December 1, 2015 by JIM BARNES
British Columbia, Ontario and Manitoba will lead the nation in growth, as they are well-positioned to capitalize on rising export demand, notes TD Economics.
BRITISH COLUMBIA: Real GDP growth is estimated at 2.5 per cent in 2015 – more than double the national rate. Over the 2016-17 period, it should be just above two per cent annually. BC’s manufacturing sector had a nominal sales gain of close to five per cent through the first half of the year, according to TD Economics.
ALBERTA: Real GDP contracted 1.4 per cent in 2015, according to researchers. Growth over the 2016-17 period is set at around 1.4 per cent per year. Output in the construction sector is projected to contract by more than 20 per cent this year, largely reflecting a 25 per cent drop in non-residential and engineering construction. Housing starts are also forecast to decline by some 10 per cent this year. Construction activity is expected to decline over the 2016-17 period.
SASKATCHEWAN: Low oil prices are expected to lead to a 0.8 per cent contraction in real GDP this year. “Engineering construction is assumed to decline in 2015, in line with lower rigging activity,” TD Economics researchers said.
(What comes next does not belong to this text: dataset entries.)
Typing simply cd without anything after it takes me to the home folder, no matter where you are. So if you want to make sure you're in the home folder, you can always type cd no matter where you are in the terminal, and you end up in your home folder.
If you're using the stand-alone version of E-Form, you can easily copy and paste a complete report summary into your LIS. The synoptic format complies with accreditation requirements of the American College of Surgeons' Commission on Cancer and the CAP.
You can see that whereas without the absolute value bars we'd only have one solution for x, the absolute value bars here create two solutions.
Capital spending is anticipated to move lower next year before stabilizing in 2017.
MANITOBA: Solid gains in the manufacturing, construction and agricultural sectors should deliver real GDP growth of more than two per cent this year and over the 2016-17 period, according to TD Economics.
ONTARIO: Manufacturers are benefiting from low exchange rates and GDP will rise by two per cent as exports rise. A 2.4 per cent increase in real GDP is predicted for 2016, with growth projected at two per cent in 2017. Nominal GDP growth in Ontario is expected to average 4.2 per cent over the 2016-17 period, according to TD Economics.
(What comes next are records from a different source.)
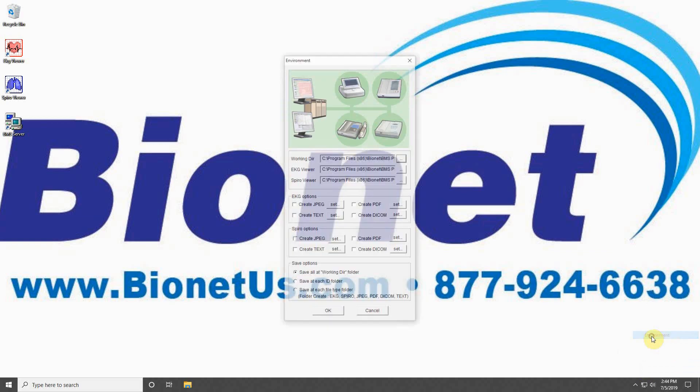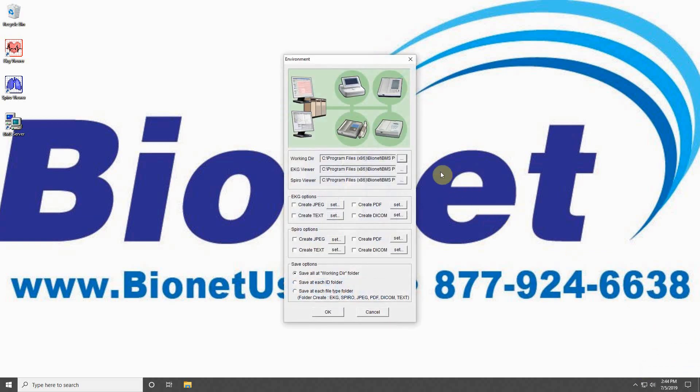The top field is used to define the working directory, or where transferred data from your machine will go in your computer. The folder location for this data is displayed in the field and can be changed by clicking the icon with three dots next to it.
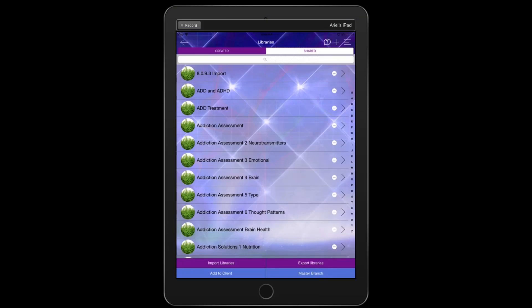Hi, this is Dr. Ariel Policano here to talk to you about the Genius Insight Biofeedback System and the ability to create customized categories.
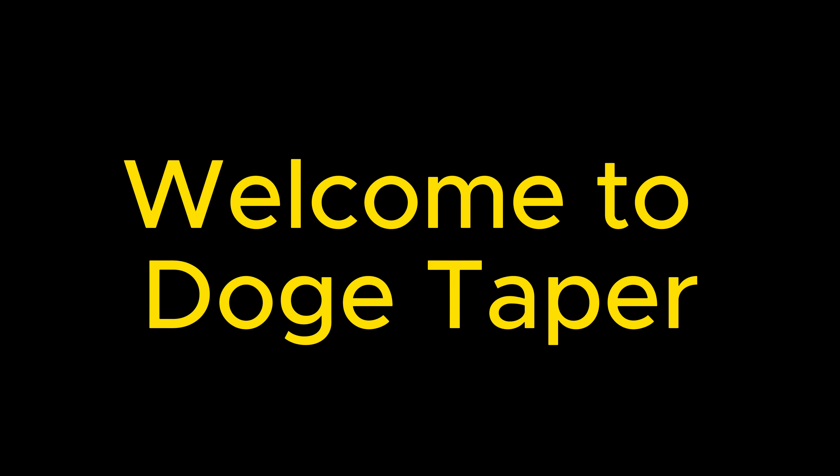Welcome to DogeTapper, the ultimate airdrop bot that lets you earn Dogecoin effortlessly.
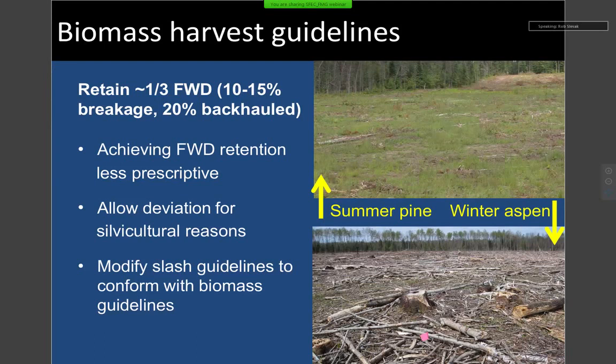Flexibility has always been inherent to the guidelines, but it wasn't explicitly stated, so we added that. The last change is that we modified our slash guidelines to conform with the biomass guidelines, because there was confusion about whether fine woody debris retention applied if the harvest wasn't classified as a biomass harvest. From the site's perspective, it doesn't matter if the material goes for biomass/bioenergy or traditional wood products — it still needs a certain amount of fine woody debris. So we made the slash recommendations conform with biomass retention recommendations for consistency.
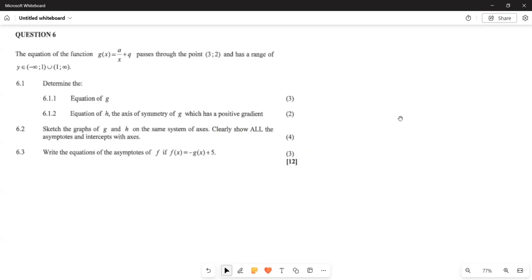Greetings, fellow greetings, it's Mr. Leroy again, welcome to Back to Basics. What we are looking at now, we are still looking at our functions. So we are examining this function of ours, which is basically our parabola function.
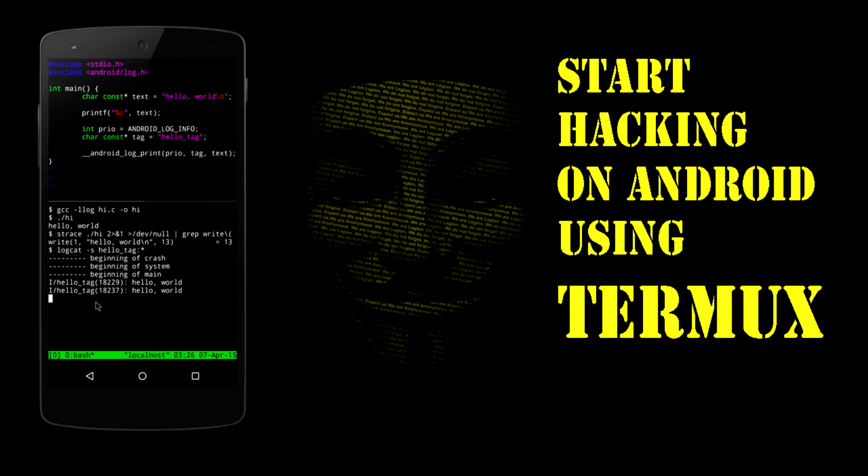Hello, welcome back. In this video, we will see how to install the Termux app on your Android phone and how to give it storage permission.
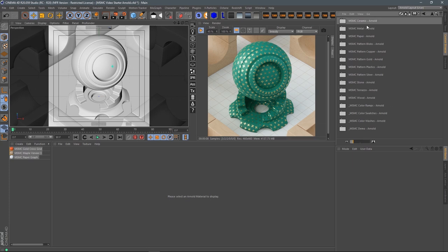I'm not going to dive deep into each category, but I want to touch on some things you might forget or not see. We have a lot of categories — ceramics, metals, papers, pattern blobs, pattern coppers, pattern plastics, stone, terrazzo, wood, color ramps, color swatches, color washes — so many things to go through. This is just a brief overview of what's in here.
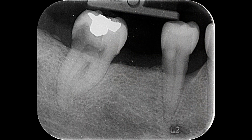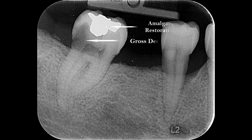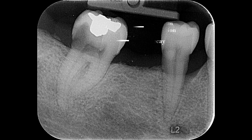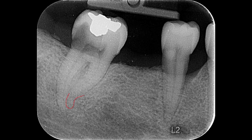This is the pre-operative radiograph of the patient. Even though the tooth is severely decayed, there is an amalgam restoration there, and below it there is a huge decay. There is also decay on the distal aspect of the tooth and on the buccal aspect. Most of the time dentists prefer to go for extraction of this tooth. There is a sharp curvature at the end of the mesial root, so we have to take care to prevent instrument separation.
The province has announced an aggressive, 10-year infrastructure investment program totalling more than $130 billion.
QUEBEC: Real GDP is expected to increase by 1.3 per cent (year over year). “A pull-back in activity in the province’s construction sector has weighed on economic activity so far this year,” noted researchers. TD Economics calls for new residential construction to move lower over the 2015-16 period before rising in 2017.
The Quebec Infrastructure Plan has allocated investment of $88.4 billion over the coming decade.
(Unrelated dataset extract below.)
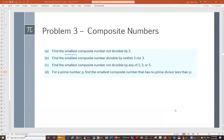Notice the pattern: the smallest composite number not divisible by 2 or 3 means we look for a composite divisible by the next prime number. After 2 and 3, the next prime is 5. We want divisible by 5 but not by 2 or 3. 5 × 7 = 35, which is not the smallest, so we want 5 × 5 = 25.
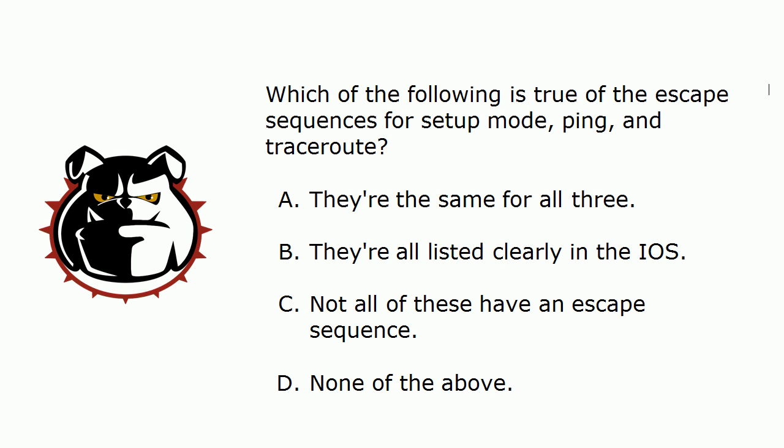So here's today's question. Which of the following is true of the escape sequences for setup mode, ping, and traceroute? A. They're the same for all three. B. They're all listed clearly in the IOS. C. Not all of these have an escape sequence. D. None of the above.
ATLANTIC CANADA: The dramatic drop in commodity prices that began last summer is continuing to impact development activity in Atlantic Canada, especially in Newfoundland and Labrador, noted the Atlantic Provinces Economic Council’s Major Projects Inventory, published in May. Research shows spending on major projects in 2015 is expected to total $13.3 billion in Atlantic Canada, down five per cent from last year.
“Spending for this year is up slightly in the three Maritime Provinces and down nine per cent in Newfoundland and Labrador,” said Patrick Brannon, APEC’s Director of Major Projects. “In Newfoundland and Labrador, weaker oil and iron ore prices are impacting the pace of development and activity on the Hebron oil project peaked in 2014.”